Photo by Cindy Cui / Photo Editor 

cw: white supremacy, hate speech

Hamilton is the hate capital of Canada. Even if you're not from Hamilton, as a McMaster University student, this is the place where you've chosen to pursue your education. This is where you are preparing for your future. This beautiful, vibrant city that is full of artists and music also has the highest rate of reported hate crimes in the country. 

After the Hamilton Council updated a trespass bylaw in response to the hate seen at City Hall, Councillor Sam Merulla said that the counter-protestors have given a small group of right-wing extremists a platform and that the city’s focus on hate issues have manufactured” this problem. If you’re reading this, councillor, how dare you? How dare you ignore the systemic hatred in our city? 

Council passes updated trespass bylaw related to cracking down on hate activities at #Hamont city hall, etc. A feisty Coun. Sam Merulla suggests city's focus on hate issue is giving "six morons" a national platform. "We have manufactured a problem in this city."

— Matthew Van Dongen (@Mattatthespec) October 23, 2019

For months now, several hate groups, including the so-called Yellow Vests, have been protesting outside City Hall on Saturdays. This far-right hate group has co-opted the name of a French movement protesting rising fuel prices and calling for changes to economic policy and taxation. The Yellow Vests’ activity has attracted other far-right groups, such as the Soldiers of Odin and the Proud Boys

These groups have been appearing more frequently and are much more aggressive towards the counter-protestors. When they first appeared they came in a large group, walking purposefully towards us and through us.

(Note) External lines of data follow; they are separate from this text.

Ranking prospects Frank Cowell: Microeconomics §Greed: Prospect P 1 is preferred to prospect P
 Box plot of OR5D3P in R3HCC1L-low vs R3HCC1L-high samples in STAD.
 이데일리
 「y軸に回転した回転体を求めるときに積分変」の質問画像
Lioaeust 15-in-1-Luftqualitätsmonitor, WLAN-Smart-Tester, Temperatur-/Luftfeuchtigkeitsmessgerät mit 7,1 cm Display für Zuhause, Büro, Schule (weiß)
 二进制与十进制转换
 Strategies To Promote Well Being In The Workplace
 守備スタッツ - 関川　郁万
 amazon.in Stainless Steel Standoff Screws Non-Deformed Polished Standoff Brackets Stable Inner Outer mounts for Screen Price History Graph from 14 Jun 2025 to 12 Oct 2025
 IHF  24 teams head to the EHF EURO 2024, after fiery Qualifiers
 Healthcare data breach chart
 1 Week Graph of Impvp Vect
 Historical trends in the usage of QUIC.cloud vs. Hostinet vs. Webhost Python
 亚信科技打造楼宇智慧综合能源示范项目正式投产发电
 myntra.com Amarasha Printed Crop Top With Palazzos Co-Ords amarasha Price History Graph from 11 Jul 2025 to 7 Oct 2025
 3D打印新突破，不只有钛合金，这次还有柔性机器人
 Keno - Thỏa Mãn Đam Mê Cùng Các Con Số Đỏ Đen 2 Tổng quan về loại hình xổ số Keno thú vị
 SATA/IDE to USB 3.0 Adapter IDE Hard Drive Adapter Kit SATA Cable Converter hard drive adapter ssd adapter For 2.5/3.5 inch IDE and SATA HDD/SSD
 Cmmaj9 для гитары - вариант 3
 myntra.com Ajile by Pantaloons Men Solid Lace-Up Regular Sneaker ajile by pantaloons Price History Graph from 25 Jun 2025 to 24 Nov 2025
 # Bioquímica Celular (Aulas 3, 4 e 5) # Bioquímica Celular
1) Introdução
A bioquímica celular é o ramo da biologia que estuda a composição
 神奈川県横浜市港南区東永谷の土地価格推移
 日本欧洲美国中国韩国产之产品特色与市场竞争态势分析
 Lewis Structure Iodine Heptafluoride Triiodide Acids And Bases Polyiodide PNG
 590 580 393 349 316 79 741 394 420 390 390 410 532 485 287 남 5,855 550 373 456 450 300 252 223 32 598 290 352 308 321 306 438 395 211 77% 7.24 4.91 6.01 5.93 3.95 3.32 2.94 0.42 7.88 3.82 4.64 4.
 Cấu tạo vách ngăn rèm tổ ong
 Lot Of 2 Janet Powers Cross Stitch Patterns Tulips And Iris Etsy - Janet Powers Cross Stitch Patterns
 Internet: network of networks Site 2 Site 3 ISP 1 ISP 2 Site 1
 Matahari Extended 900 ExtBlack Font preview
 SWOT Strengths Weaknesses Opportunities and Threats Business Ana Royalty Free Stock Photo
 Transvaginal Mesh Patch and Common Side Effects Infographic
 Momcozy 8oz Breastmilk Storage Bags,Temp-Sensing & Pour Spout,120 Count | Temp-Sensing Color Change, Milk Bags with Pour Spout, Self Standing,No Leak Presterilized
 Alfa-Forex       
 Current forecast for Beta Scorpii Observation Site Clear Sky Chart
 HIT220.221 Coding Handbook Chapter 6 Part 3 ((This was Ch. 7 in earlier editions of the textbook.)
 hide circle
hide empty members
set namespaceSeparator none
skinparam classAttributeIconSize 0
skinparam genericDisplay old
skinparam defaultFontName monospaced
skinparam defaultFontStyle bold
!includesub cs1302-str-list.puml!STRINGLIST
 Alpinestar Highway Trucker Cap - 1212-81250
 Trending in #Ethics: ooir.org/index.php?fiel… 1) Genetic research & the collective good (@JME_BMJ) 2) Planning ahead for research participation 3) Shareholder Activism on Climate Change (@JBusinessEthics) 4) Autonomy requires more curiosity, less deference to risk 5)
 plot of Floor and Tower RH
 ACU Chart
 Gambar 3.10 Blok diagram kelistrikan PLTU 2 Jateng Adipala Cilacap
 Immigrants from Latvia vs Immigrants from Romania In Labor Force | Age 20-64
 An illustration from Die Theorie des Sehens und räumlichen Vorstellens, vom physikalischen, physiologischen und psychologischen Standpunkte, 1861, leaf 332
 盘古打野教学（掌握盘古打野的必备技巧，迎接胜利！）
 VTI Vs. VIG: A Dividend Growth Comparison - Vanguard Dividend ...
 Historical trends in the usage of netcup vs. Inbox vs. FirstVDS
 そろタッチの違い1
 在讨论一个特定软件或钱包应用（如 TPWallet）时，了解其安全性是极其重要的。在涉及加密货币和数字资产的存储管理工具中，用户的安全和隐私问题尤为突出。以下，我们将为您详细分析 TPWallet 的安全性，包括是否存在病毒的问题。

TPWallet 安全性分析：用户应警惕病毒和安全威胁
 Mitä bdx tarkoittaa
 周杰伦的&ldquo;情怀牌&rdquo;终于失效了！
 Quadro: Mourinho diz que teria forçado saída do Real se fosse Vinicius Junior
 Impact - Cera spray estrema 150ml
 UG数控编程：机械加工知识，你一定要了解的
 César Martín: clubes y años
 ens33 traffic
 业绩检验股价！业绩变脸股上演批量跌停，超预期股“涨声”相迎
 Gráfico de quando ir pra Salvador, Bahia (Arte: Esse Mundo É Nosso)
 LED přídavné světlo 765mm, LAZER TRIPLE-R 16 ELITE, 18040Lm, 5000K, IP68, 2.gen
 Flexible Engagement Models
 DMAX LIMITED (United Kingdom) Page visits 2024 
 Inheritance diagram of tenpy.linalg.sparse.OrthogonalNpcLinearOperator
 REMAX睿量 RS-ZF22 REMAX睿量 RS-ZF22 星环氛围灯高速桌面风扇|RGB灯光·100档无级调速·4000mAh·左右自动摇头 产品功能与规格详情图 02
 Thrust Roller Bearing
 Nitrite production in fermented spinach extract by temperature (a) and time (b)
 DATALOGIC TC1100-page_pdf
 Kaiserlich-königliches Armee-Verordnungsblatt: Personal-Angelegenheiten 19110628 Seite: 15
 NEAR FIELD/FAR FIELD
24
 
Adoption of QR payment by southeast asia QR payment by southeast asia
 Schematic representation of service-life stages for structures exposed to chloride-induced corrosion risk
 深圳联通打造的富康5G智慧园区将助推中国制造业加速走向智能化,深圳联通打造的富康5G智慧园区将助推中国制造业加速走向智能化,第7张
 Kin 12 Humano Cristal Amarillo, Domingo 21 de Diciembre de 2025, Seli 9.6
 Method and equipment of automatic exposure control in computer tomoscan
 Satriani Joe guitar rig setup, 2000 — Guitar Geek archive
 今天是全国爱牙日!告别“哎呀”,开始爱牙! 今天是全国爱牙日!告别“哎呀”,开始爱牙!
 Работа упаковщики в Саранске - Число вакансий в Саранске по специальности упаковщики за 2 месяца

I was with fellow counter-protestors that day, yet I felt so frightened that I started sobbing, and I couldn’t stop.

On October 6, the organizers of the Gandhi Peace Festival invited the Yellow Vests to attend the event. People associated with a group that carries signs such as “Make Canada Holy and Righteous Again” or “No Immigration, Legal or Illegal” were invited to take part in a festival that is supposed to celebrate peace and acceptance. They even spoke with the mayor. While I recognize that the invitation was intended to foster a sense of community, it did just the opposite. This invitation made it seem like the Yellow Vests were accepted by the community, giving them an opportunity to validate their harmful rhetoric and portray counter-protestors’ efforts as unreasonable and violent. 

This invitation made it seem like the Yellow Vests were accepted by the community, giving them an opportunity to validate their harmful rhetoric and portray counter-protestors’ efforts as unreasonable and violent.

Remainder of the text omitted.